The other week I read the program notes (!) for my own performance of the “Spring Sonata,” and I read that the slow movement was a kind of touchstone. The word leapt out at me. Ah, yes, I thought, in the flush of affirmation, so true, so very true! and at the very next moment I wondered, hey, what is a touchstone? Heh. I am going through a little phase of loving my Dictionary app on my computer (me: easily pleased), and surrender myself between emails to little ecstasies of word clarification. Aha! I think, and then, How do they do it?, because my concepts of words are so corrupted by usage and life and sake tastings that they drift like icebergs farther and farther from their supposedly incorruptible cubbyholes of meaning—so that when I see the “actual” meaning there on the page, expressed in a few well-chosen words, I am often baffled, like when you run across the pimply bespectacled school nerd at your 10-year reunion and he has become a dazzling supermodel.
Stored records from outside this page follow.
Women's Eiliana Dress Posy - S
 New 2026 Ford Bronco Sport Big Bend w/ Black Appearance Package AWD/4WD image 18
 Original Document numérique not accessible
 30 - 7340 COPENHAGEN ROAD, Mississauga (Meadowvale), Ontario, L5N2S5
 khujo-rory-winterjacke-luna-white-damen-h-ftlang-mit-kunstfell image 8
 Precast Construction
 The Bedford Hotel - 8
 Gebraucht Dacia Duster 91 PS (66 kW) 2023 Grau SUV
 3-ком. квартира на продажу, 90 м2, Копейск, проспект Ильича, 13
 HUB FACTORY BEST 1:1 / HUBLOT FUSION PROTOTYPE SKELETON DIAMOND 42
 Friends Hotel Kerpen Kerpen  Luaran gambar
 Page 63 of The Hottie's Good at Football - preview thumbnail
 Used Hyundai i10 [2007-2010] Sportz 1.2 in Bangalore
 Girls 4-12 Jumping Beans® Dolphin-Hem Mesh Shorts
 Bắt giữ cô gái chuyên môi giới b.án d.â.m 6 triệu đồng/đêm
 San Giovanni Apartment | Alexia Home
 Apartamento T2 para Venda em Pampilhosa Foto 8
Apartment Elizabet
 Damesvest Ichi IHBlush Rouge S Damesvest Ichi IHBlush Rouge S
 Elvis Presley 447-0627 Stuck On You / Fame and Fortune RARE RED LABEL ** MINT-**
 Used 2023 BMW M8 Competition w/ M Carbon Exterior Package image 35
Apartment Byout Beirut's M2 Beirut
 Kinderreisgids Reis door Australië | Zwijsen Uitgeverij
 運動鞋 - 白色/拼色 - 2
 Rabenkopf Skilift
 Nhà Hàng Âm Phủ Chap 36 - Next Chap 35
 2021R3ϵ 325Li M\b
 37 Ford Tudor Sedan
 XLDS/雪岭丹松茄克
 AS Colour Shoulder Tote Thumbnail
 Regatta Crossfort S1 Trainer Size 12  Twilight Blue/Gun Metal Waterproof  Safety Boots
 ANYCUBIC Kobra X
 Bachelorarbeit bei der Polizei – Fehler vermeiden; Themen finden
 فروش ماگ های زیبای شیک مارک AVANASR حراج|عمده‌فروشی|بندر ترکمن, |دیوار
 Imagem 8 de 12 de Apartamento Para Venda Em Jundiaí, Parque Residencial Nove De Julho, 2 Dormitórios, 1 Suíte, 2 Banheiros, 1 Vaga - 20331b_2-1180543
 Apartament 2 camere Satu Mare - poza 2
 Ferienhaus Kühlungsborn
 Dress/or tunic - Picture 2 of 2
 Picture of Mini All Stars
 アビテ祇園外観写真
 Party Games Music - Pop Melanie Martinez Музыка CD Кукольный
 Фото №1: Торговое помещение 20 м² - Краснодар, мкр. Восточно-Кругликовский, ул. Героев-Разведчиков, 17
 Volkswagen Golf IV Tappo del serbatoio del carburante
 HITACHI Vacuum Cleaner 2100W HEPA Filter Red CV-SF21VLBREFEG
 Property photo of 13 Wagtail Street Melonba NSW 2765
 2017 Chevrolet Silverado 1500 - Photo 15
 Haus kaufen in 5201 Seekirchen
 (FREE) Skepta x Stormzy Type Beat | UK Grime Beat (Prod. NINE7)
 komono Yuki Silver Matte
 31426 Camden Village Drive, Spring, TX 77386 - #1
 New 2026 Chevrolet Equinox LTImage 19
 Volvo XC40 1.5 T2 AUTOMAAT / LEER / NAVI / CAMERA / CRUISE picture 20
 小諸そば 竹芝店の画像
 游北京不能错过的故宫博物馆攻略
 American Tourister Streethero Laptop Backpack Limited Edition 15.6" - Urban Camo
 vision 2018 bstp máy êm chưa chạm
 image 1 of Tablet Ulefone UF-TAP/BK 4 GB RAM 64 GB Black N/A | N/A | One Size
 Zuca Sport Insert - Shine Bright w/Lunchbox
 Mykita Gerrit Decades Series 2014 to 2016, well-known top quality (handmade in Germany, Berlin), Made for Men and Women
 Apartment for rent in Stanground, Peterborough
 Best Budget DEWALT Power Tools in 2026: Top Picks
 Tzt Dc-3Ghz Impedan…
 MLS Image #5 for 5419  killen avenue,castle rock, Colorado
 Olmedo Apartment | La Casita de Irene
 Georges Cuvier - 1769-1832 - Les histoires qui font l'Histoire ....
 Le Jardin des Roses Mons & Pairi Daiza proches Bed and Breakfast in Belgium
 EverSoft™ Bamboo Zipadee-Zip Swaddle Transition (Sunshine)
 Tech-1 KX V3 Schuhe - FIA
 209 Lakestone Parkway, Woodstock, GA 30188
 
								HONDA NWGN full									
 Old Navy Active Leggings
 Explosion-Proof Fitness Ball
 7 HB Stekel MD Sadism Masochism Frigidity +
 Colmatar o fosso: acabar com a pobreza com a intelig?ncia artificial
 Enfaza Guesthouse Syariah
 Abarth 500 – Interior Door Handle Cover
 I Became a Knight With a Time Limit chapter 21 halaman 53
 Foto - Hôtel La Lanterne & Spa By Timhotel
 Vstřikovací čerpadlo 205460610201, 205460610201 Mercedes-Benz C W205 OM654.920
Finally, I met someone who works at a Very Important Dictionary. I assumed that if you could really know What Words Mean, you would be analogously precise at all other areas of life—that you would never make a late payment on your credit card, or lose your keys, or miss a flight, etc.—however, what I really didn’t expect or predict was that this highly-placed dictionary person would have the sparkle of a certain insane joy for life, a certain devil-may-care, wicked-librarian-on-the-loose quality (no reference tome she!) … and I looked at dictionaries differently from then on, with a kind of “I know what you’re up to” glare, as if, despite their perspicacity, they might suddenly get up from their dusty pedestals and go clubbing until 4 in the morning and then drive hurtling nonstop to greet the dawn in Montauk.
So. The word touchstone—as I’m sure you all know—refers to “a piece of fine-grained dark schist or jasper formerly used for testing alloys of gold by observing the color of the mark that they made on it.” By which metaphorically (perhaps usage is not such a big, bad, sinful bogeyman after all!) it has come to mean, “a standard or criterion by which something is judged or recognized”: is this what the program notes really meant?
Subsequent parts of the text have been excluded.